We let p = 3 then we have
(x)^2 = -1(mod3)

which is equivalent to
x^2=3k -1

With the solutions
x= {sqrt(2), sqrt(5), sqrt(8), ...}

The solutions are not integers, which are undefined for the modulo operation. therefore x^2=-1(modp) have no solutions.
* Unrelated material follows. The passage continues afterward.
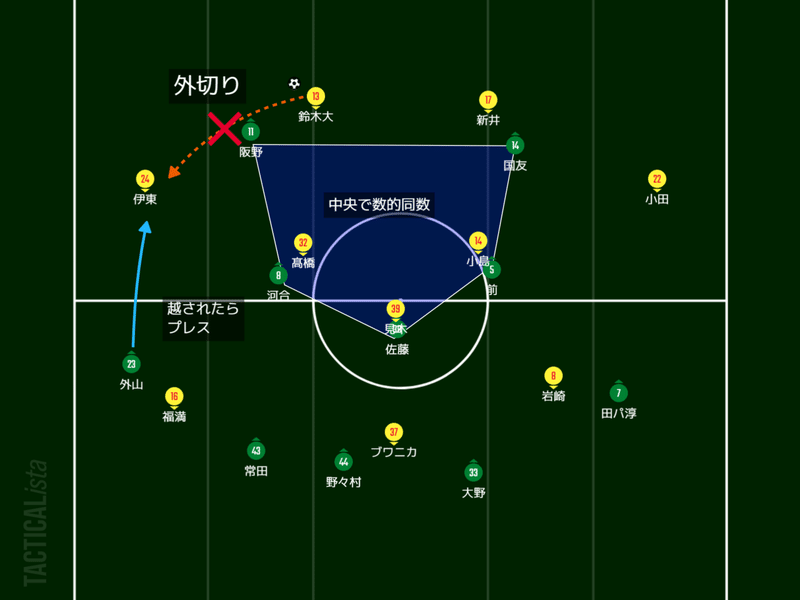 レビュー外切り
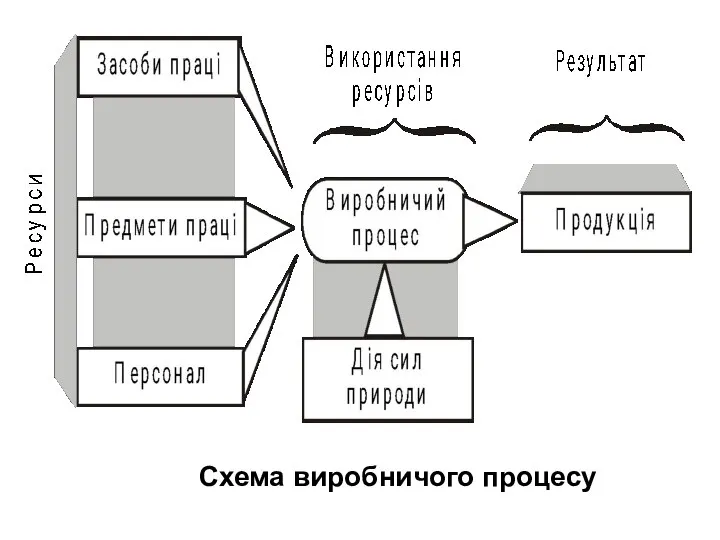 Схема виробничого процесу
This is the wrong answer. I don't know

 

[Office_Shredder]

It doesn't seem like you've tried using Fermat's little theorem yet.

 

[docnet]

Im struggling to see how to incorporate the information from FLT into the problem.

 

[docnet]

Can a moderator move this thread into the right subforum? Sorry, I should have posted this in the “calculus and beyond.“ section. Thanks

 

[pasmith]

Homework Statement:: I'm having trouble solving this problem. any help would be appreciated.
Relevant Equations:: p = 3(mod4)
x^2 = -1(modp)

View attachment 269850

Here is my attempt

When we raise both sides to the power (p-1)/2, we get
x^(p-1)= -1^[(p-1)/2](modp)

Looking at p=3(mod4), the possible values of p are
{3, 7, 11, 19, 23, 31...}.

Putting these values of p into (p-1)/2 we get odd integers.
{1, 3, 5, 9, 11, 15...}.

So we have
x^(p-1) = -1(modp)

It would have been better to get here by setting $p = 4k + 3$ so that $$\frac{p - 1}{2} = \frac{4k + 2}{2} = 2k + 1$$ and hence $(-1)^{(p-1)/2} = -1$.

 

[pasmith]

Im struggling to see how to incorporate the information from FLT into the problem.
View attachment 269890

You just need to substitute $x^{p-1} \equiv 1 \mod p$ in $$x^{p-1} = -1 \mod p$$ and draw the appropriate conclusion.